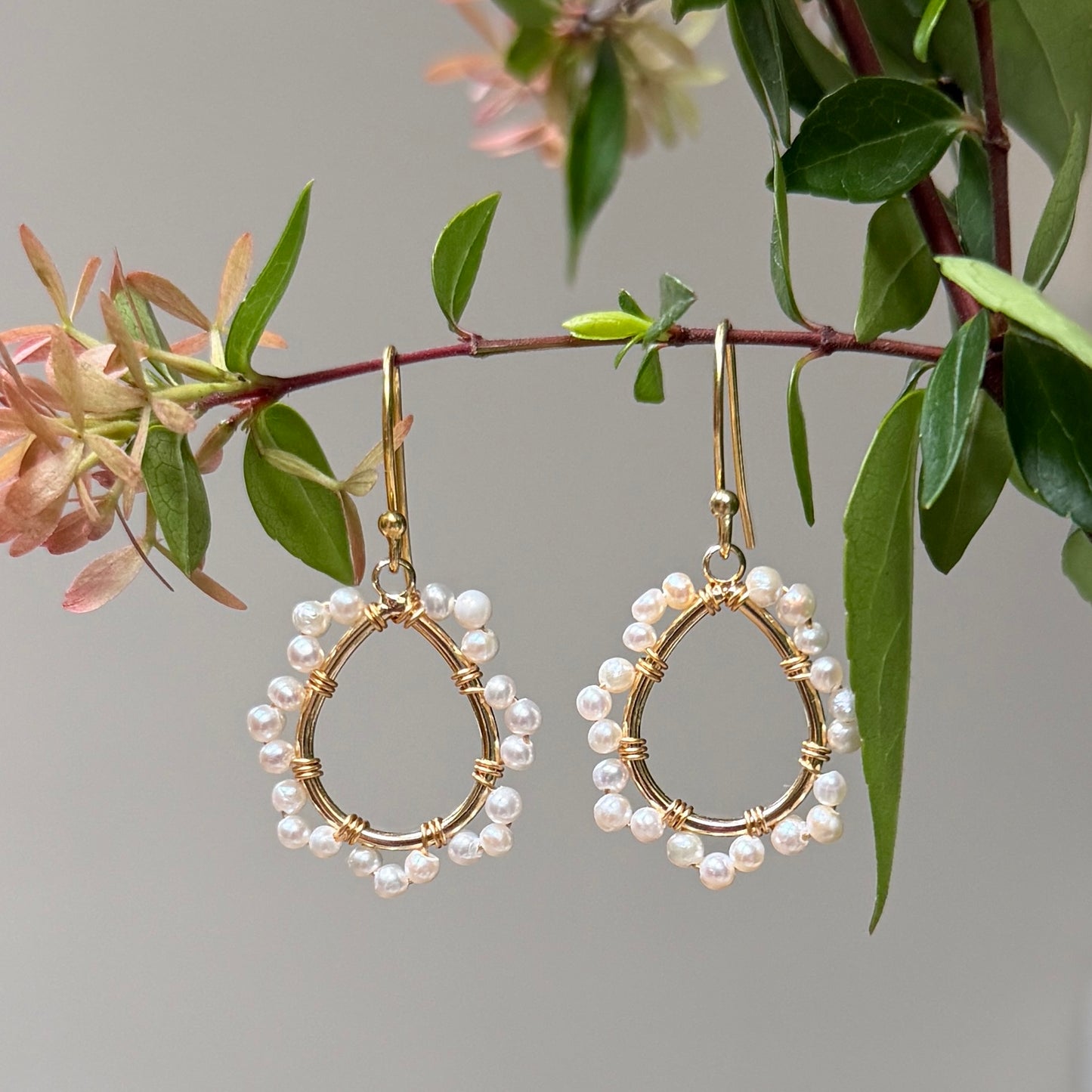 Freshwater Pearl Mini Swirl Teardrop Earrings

* * *

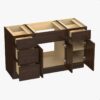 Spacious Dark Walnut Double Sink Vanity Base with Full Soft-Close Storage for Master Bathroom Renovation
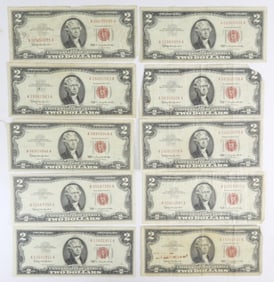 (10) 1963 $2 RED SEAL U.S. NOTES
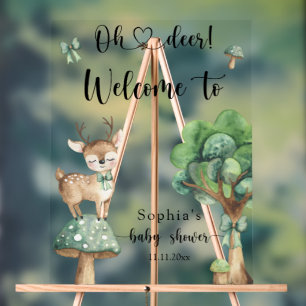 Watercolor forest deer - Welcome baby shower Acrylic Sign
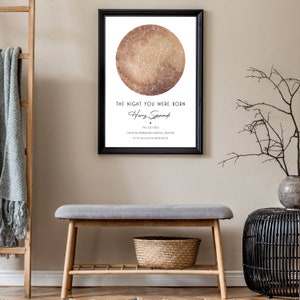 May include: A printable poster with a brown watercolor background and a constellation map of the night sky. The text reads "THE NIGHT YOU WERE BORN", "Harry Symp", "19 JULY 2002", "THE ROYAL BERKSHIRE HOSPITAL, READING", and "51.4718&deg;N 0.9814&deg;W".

# Aim of the task
From the records above, write out exactly the lines that begin at the line with "Watercolor forest deer" and end at the line with "May include: A". Pictures must not appear in the output.

# The answer
 Watercolor forest deer - Welcome baby shower Acrylic Sign
 May include: A printable poster with a brown watercolor background and a constellation map of the night sky. The text reads "THE NIGHT YOU WERE BORN", "Harry Symp", "19 JULY 2002", "THE ROYAL BERKSHIRE HOSPITAL, READING", and "51.4718&deg;N 0.9814&deg;W".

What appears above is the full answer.